J., 39 ans, partage les mots de son compagnon non-juif :

« Est juif celui dont les enfants sont juifs… Donc moi aussi, je suis un peu juif. »

V., 42 ans, rappelle les implications concrètes des règles religieuses :

« Se sentir juif ne suffit pas si on veut se marier à la synagogue. »

L., 55 ans, réformiste :

« Le judaïsme n’est pas figé. Il y a mille façons de le vivre. »

B., 57 ans, interroge l’obsession de l’appartenance :

« Le vrai sujet, c’est : à quel club cotisez-vous ? Moi, je choisis l’humanisme. »

Et que transmet-on, dans un couple mixte ?

Quand ni l’un ni l’autre n’est pratiquant, quand les repères ne sont pas partagés, que choisit-on de transmettre ? Et que laisse-t-on à l’enfant, entre identités mêlées et récits d’origine ?

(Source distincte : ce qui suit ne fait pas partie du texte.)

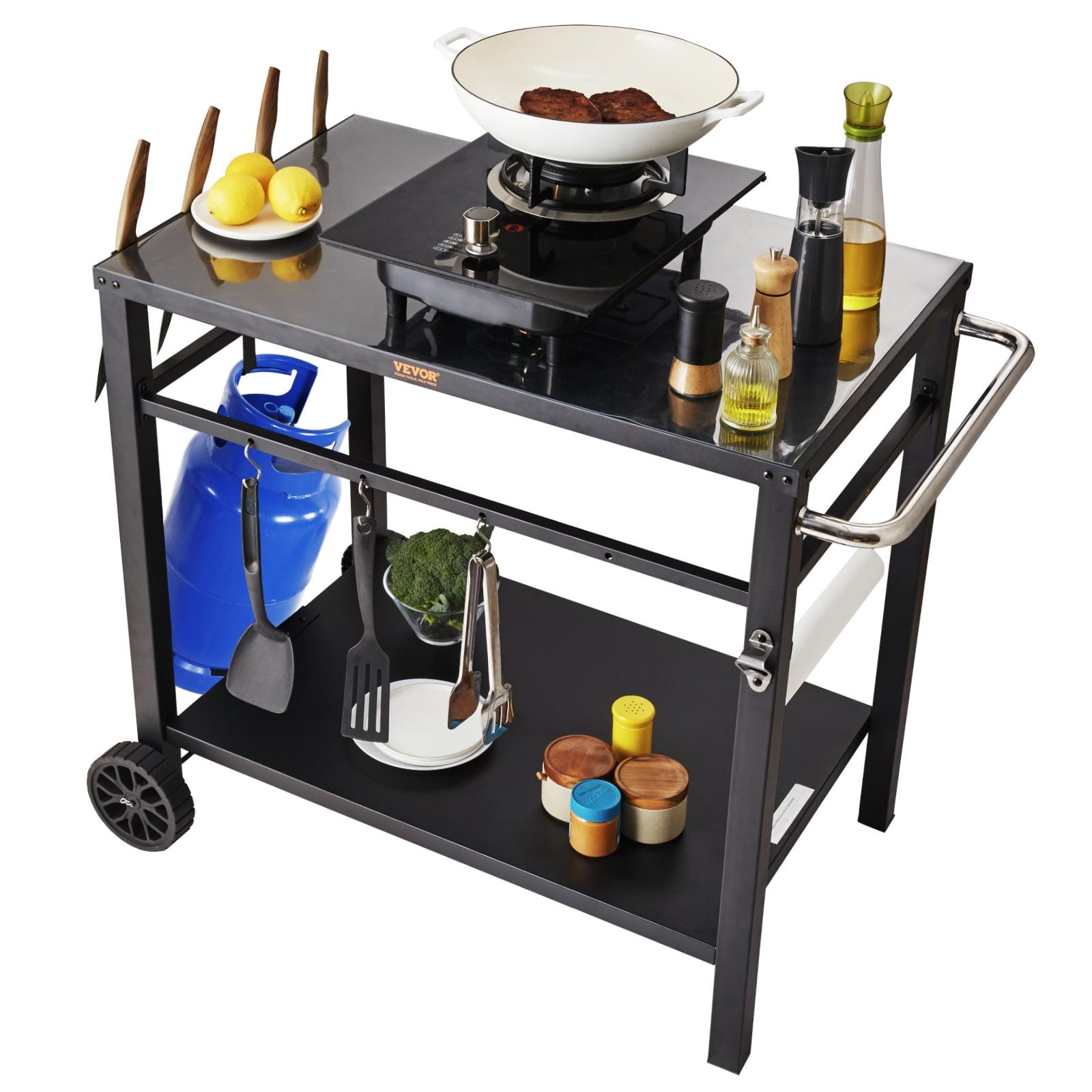 VEVOR Outdoor Grill Dining Cart with Double-Shelf, BBQ Movable Food Prep Table, Multifunctional Iron Table Top, Portable Modular Carts for Pizza Oven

S., 41 ans, dit son malaise face à la solitude de la transmission :

« En Belgique, la culture majoritaire s’impose d’elle-même. Si je ne transmets pas ma culture juive, personne ne le fera à ma place. »

J., 39 ans, insiste sur une éducation « mixte assumée » :

« Mieux vaut la complexité assumée que le rejet brutal à 18 ans. »

A., 40 ans, compagnon non-juif :

« Les mots sont trop étroits. Ce que je transmets, je n’arrive pas toujours à le nommer. »

L., 55 ans, interroge la dynamique dans les couples :

« Le père se dit que ses enfants sont juifs. Alors est-il plus juif que la mère ? »

De l’intime au collectif

A., 60 ans, introduit une lecture sociologique :

« On observe une tendance très marquée : devoir et plaisir. Premier mariage avec une femme juive, puis divorce, puis remariage avec une non-juive. »

Il élargit aussi la focale :

« Les juifs ne sont pas une exception. Les Grecs, les Tziganes, les Arméniens aussi s’inquiètent du « Xénos ». »
Et conclut :
« L’individu aime qui il veut. Le collectif, lui, craint de se dissoudre. »

J., 28 ans, clôt cet échantillon de voix avec sérénité :

« Nous sommes cinq frères et sœurs, tous élevés entre l’église et les voyages en Israël. Chacun a trouvé son propre équilibre. Les questions restent, mais on va bien. »

Épilogue
Il n’est pas de réponse unique, pas de dogme ici. Seulement des récits, des tensions, des mots lancés comme des bouées ou des passerelles. Cet atelier n’a pas tranché. Il a ouvert un espace, où chacun·e pouvait dire « je », avec tout ce que cela comporte d’héritage, de choix, de doutes – et d’amour.